Ma Renzo, ancora ignaro di tutto ciò, “comparve davanti a don Abbondio, in gran gala, con penne di vario colore al cappello, col suo pugnale del manico bello, nel taschino de’ calzoni, con una cert’aria di festa e nello stesso tempo di braverìa, comune allora anche agli uomini più quieti”.
Rileggiamolo, questo bellissimo breve periodo.
Renzo “comparve” in casa del curato, che – come sappiamo – ha passato una notte insonne (“Si racconta che il principe di Condè dormì profondamente la notte avanti la giornata di Rocroi… Don Abbondio invece non sapeva altro ancora se non che l’indomani sarebbe giorno di battaglia; quindi una gran parte della notte fu spesa in consulte angosciose”); la “comparsa” di Renzo, per quanto attesa, è per lui particolarmente fastidiosa e spiacevole.
E dire che il ragazzo è “in gran gala”, ha messo “penne di vario colore” sul cappello e, uscendo di casa, ha preso il “pugnale del manico bello”.

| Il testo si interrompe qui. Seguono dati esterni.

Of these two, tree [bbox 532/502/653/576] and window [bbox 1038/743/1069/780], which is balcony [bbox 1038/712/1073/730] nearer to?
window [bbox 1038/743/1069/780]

Attenzione, non “un pugnale dal bel manico” (che sarebbe epiteto stupido e banale), ma – fra diversi pugnali disponibili nel piccolo arsenale casalingo allora di prammatica – ha scelto “quello dal manico bello”: non un pugnale qualunque dunque, ma un pugnale speciale per un giorno speciale, scelto accuratamente, selezionato con attenzione. Dopo di che, Renzo lo ha riposto “nel taschino de’ calzoni”, con una cura maggiore del solito.
Entrando in casa del curato, Renzo dimostra “una cert’aria di festa” (che doveva infastidire non poco in quel momento il pavido prete) e “nello stesso tempo di braverìa” (sicuramente preoccupante per don Abbondio). Questa “braverìa”, aggiunge Manzoni, era “comune allora anche agli uomini più quieti”: i tempi duri ci rendono duri, le difficoltà ci inaspriscono, la violenza che ci circonda ci induce a rispondere con reazioni dello stesso segno.
Tuttavia la “braverìa” di Renzo è tutta in quella baldanza esultante, in quella “lieta furia” da ragazzo (ancora per pochi istanti) felice.
Ben presto “l’accoglimento incerto e misterioso di don Abbondio” contrasterà in modo singolare con i “modi gioviali e risoluti del giovinotto”; ma noi non seguiremo Renzo in questa scena penosa per lui. Preferiamo lasciarlo così, sorridente, baldanzoso, felice, innamorato: e con quel “pugnale del manico bello” in tasca.
E già che ci siamo, visto che certi personaggi sono “vivi” sempre e per sempre, facciamo a Lorenzo, o come dicevan tutti, Renzo, i più cari auguri di buon onomastico.
Hai fatto bene, Mario, a puntare l’attenzione sul personaggio di Renzo, un personaggio forse meno caro ai ragazzi di altri dei “Promessi Sposi”, ma che meriterebbe maggiore considerazione dato che nei suoi rapporti col prossimo (si tratti di singoli o di folla) mostra una grande ricchezza di note psicologiche, di sfumature e di contrasti, che non appaiono, almeno così a me sembra, in nessun’altra creatura del romanzo manzoniano.